Problem description:
Locate, in the data below, the line that contains "Hello, I'm Chris" and the line that contains "Is SeekBuilder Pro"; reproduce exactly those two lines and every line between them, nothing more.

─── Records supplied

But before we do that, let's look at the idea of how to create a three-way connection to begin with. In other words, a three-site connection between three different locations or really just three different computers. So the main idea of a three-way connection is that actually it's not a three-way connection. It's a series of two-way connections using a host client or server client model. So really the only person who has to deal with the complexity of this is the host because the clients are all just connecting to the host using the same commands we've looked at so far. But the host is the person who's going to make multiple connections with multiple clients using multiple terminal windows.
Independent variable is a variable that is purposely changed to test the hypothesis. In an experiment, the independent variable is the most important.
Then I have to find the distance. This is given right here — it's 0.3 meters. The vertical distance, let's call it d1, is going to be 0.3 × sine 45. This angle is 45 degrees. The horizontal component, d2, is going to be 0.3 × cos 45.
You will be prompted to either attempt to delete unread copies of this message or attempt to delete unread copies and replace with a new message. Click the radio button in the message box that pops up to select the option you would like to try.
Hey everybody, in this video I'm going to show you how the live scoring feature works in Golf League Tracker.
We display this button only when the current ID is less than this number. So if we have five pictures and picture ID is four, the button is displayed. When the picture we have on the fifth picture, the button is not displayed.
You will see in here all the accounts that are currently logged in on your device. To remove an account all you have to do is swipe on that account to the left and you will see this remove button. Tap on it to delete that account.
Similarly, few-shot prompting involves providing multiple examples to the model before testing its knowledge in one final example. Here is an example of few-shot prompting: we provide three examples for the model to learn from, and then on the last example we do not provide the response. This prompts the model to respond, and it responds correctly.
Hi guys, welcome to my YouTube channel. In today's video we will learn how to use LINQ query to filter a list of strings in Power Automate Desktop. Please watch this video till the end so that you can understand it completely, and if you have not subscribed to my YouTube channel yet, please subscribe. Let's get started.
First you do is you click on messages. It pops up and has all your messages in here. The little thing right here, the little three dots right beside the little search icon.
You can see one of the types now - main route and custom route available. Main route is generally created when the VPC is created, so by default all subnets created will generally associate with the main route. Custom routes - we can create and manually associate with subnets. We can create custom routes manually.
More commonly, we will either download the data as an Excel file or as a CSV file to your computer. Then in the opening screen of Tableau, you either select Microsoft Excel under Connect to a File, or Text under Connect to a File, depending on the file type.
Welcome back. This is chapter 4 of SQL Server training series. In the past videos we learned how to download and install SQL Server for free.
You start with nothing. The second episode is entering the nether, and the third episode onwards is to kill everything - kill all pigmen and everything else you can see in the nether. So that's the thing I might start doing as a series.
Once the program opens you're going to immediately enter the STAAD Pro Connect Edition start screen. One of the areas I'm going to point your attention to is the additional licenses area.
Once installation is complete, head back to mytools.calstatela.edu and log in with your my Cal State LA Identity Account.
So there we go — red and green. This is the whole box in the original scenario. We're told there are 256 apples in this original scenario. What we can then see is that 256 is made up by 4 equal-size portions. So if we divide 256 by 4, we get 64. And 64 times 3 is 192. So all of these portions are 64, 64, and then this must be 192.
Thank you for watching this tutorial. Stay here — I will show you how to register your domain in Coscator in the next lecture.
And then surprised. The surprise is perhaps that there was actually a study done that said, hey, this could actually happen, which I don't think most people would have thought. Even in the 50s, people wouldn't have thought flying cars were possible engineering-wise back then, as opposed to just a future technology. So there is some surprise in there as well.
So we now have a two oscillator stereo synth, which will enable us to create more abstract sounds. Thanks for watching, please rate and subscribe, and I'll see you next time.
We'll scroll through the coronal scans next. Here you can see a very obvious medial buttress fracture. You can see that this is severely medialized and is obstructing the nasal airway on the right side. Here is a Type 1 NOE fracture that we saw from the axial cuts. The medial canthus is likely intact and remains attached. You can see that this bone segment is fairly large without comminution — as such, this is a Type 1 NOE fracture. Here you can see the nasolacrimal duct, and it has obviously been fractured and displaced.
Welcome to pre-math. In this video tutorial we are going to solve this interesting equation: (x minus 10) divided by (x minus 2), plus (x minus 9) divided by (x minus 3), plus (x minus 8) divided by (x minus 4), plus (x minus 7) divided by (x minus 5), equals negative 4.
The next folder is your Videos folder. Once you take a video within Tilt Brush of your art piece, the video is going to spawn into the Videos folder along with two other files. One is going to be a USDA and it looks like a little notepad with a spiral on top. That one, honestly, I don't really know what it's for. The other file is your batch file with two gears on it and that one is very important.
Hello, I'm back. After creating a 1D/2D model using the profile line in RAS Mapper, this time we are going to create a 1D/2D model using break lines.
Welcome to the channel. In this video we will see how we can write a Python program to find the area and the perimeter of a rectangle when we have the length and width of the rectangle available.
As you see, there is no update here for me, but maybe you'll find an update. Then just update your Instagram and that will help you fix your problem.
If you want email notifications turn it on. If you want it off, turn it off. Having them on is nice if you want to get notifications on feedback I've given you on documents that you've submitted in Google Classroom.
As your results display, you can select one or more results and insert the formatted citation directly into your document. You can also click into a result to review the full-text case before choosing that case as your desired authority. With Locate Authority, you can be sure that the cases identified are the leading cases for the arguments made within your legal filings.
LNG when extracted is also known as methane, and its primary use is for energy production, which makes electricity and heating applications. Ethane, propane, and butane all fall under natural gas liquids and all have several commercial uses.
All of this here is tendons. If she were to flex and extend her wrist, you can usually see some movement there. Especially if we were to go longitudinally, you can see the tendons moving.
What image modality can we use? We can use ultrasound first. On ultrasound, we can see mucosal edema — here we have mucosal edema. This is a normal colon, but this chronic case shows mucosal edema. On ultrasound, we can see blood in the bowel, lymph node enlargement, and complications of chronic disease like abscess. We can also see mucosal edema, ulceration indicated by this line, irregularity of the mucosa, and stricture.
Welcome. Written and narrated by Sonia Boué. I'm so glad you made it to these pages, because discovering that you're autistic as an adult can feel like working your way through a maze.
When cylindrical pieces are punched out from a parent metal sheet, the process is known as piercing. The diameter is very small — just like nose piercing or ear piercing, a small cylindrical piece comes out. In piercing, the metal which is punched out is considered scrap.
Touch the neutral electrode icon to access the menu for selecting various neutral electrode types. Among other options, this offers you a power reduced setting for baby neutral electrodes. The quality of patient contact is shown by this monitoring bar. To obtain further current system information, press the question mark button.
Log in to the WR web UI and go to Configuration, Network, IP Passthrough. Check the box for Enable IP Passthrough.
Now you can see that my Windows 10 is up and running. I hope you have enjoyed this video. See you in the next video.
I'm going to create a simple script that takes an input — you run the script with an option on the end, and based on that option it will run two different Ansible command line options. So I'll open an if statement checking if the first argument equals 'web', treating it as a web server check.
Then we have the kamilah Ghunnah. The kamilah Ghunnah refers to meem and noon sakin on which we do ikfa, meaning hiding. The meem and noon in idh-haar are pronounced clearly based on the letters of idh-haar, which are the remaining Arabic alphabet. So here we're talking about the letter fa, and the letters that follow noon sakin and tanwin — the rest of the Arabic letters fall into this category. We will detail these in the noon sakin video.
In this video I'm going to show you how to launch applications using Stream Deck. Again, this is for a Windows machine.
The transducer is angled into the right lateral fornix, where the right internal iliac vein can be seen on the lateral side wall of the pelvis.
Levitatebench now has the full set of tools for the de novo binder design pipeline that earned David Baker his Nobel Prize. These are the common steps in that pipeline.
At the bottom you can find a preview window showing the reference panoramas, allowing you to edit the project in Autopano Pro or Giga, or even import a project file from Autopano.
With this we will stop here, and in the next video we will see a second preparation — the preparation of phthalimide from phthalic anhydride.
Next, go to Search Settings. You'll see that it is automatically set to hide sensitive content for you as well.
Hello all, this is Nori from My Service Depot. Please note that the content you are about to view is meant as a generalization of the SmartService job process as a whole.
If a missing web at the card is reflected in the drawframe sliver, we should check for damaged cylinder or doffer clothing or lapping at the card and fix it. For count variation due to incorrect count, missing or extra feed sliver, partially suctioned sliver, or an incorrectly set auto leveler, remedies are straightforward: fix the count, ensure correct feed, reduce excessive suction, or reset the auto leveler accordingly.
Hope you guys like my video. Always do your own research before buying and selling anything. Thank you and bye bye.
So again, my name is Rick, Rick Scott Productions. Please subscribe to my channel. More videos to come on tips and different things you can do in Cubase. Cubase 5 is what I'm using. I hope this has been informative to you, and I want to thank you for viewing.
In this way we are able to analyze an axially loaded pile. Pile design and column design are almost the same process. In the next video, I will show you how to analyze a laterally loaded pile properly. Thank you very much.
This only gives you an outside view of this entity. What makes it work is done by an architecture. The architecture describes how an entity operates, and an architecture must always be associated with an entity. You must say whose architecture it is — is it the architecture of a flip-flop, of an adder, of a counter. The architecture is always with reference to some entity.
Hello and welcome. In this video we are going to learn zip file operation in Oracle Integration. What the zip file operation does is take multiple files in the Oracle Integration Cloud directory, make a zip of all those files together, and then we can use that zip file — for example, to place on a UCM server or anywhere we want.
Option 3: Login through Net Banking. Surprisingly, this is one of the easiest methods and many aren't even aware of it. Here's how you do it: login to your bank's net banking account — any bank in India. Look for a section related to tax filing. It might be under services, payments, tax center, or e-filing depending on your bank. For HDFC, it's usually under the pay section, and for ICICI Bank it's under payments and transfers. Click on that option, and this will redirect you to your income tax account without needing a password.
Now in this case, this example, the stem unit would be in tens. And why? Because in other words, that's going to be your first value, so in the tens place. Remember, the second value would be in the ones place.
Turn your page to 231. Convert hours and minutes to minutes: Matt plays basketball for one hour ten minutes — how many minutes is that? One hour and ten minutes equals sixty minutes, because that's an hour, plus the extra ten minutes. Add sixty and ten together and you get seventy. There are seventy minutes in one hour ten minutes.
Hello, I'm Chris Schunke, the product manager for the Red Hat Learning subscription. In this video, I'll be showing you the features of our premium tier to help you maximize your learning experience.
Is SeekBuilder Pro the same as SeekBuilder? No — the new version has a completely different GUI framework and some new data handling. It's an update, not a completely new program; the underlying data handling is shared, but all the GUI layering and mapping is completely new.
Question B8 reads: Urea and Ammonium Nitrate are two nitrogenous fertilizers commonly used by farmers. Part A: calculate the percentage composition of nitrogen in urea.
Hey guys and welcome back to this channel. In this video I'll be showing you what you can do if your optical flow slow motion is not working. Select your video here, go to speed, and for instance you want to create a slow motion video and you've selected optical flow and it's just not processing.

──────

Response to the exercise:
Hello, I'm Chris Schunke, the product manager for the Red Hat Learning subscription. In this video, I'll be showing you the features of our premium tier to help you maximize your learning experience.
Is SeekBuilder Pro the same as SeekBuilder? No — the new version has a completely different GUI framework and some new data handling. It's an update, not a completely new program; the underlying data handling is shared, but all the GUI layering and mapping is completely new.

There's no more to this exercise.